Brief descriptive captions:
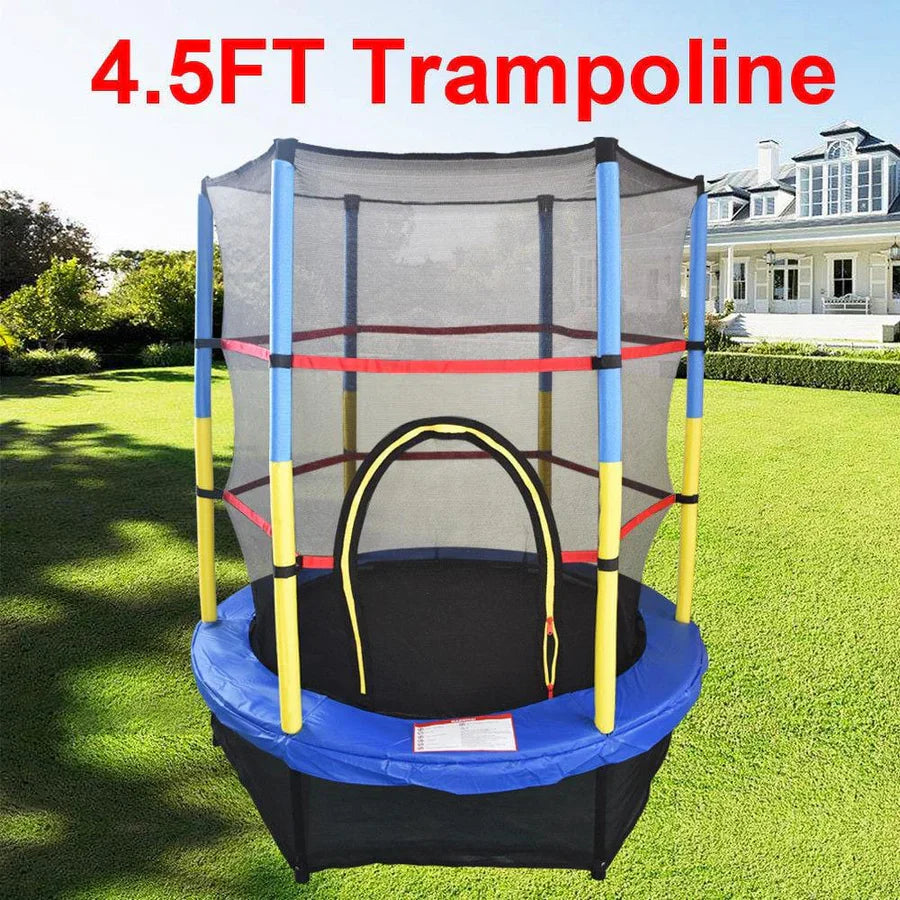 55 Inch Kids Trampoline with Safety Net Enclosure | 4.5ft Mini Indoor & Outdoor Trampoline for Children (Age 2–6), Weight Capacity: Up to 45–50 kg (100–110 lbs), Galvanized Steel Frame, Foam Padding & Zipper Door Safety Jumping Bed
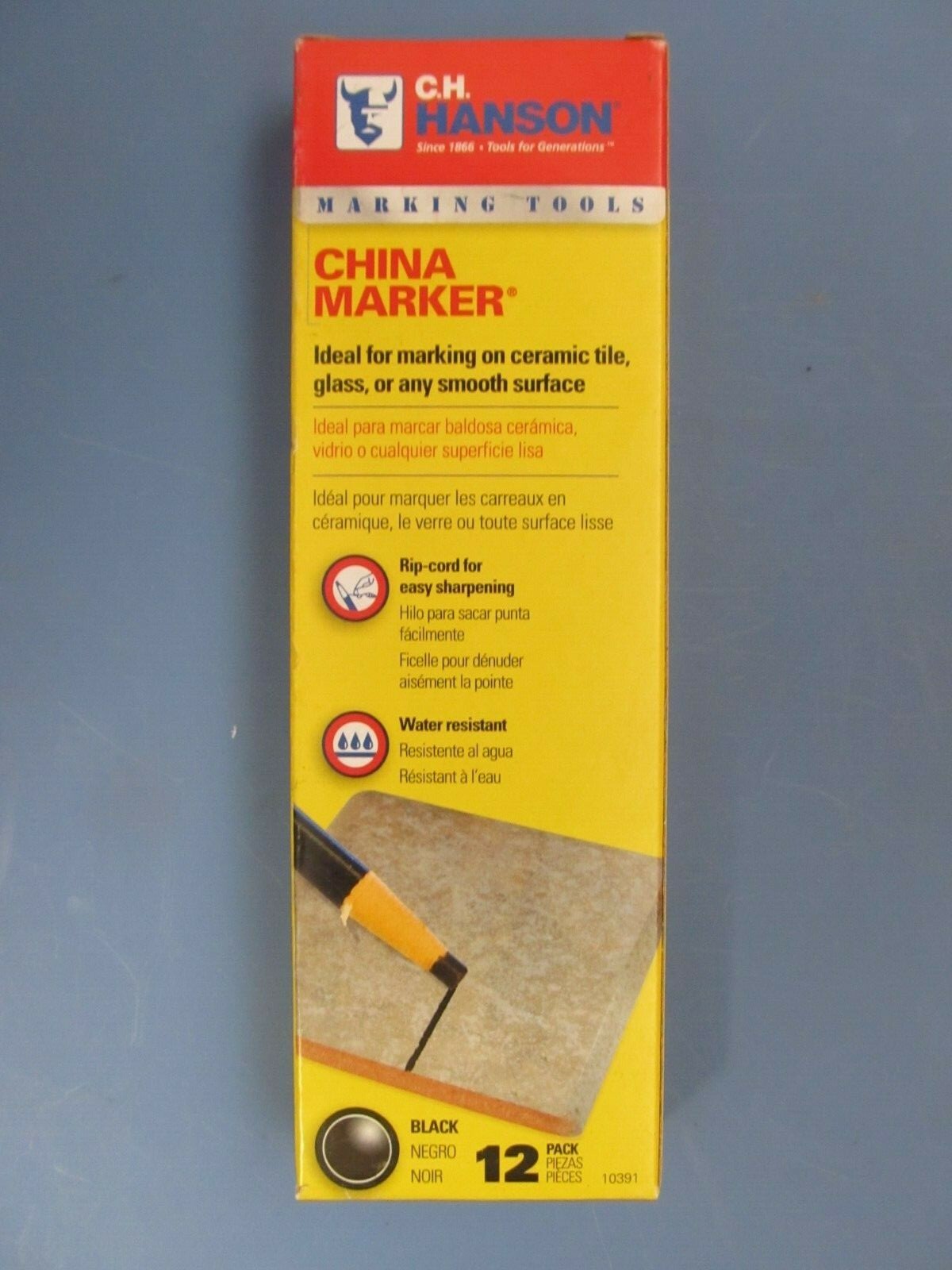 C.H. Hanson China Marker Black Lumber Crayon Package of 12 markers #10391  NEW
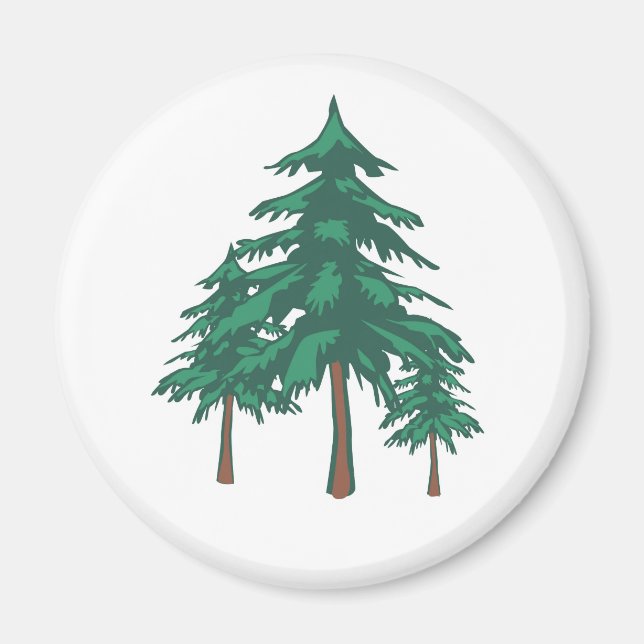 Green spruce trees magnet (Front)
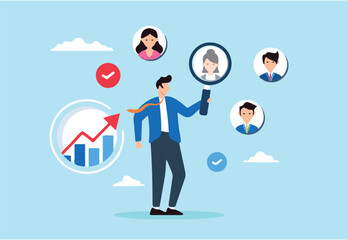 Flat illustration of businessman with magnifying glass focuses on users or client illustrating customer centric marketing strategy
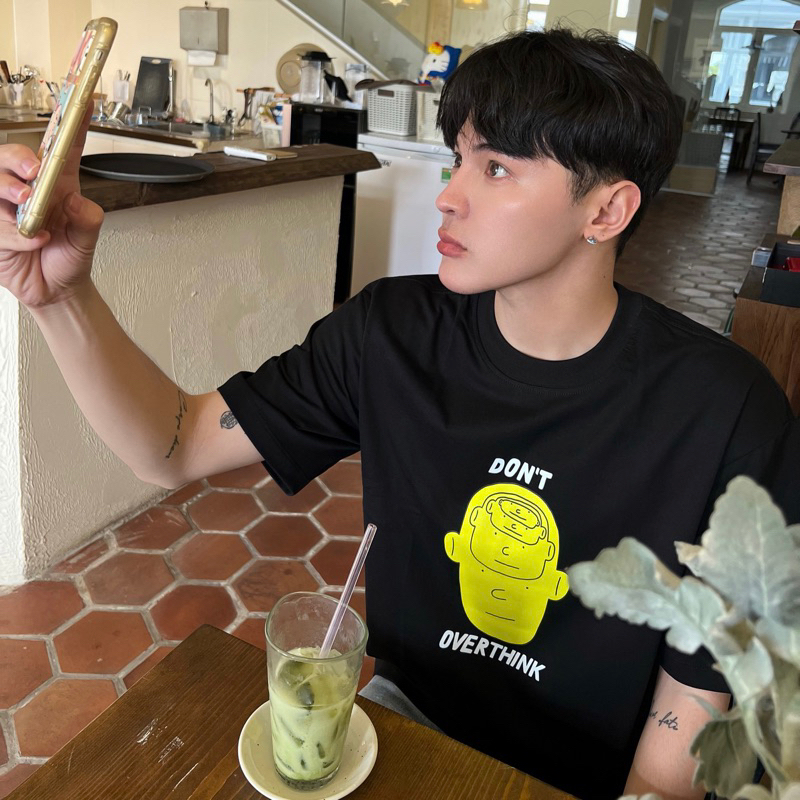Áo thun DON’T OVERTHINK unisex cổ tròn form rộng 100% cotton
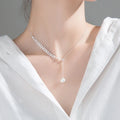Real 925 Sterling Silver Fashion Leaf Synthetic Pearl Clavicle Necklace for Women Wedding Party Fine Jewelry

---

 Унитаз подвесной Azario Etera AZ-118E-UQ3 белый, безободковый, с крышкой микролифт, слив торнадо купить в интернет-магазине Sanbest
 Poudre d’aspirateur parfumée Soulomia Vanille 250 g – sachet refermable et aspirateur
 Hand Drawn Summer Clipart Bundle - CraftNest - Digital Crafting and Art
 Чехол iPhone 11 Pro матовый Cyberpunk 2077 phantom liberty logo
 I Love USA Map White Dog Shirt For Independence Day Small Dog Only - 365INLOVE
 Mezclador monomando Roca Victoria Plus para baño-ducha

### Exercise objective
Take only the lines above from the one that has "Áo thun DON’T" through the one that has "Real 925 Sterling" and reproduce them exactly, omitting any pictures.

### Completed exercise
Áo thun DON’T OVERTHINK unisex cổ tròn form rộng 100% cotton
Real 925 Sterling Silver Fashion Leaf Synthetic Pearl Clavicle Necklace for Women Wedding Party Fine Jewelry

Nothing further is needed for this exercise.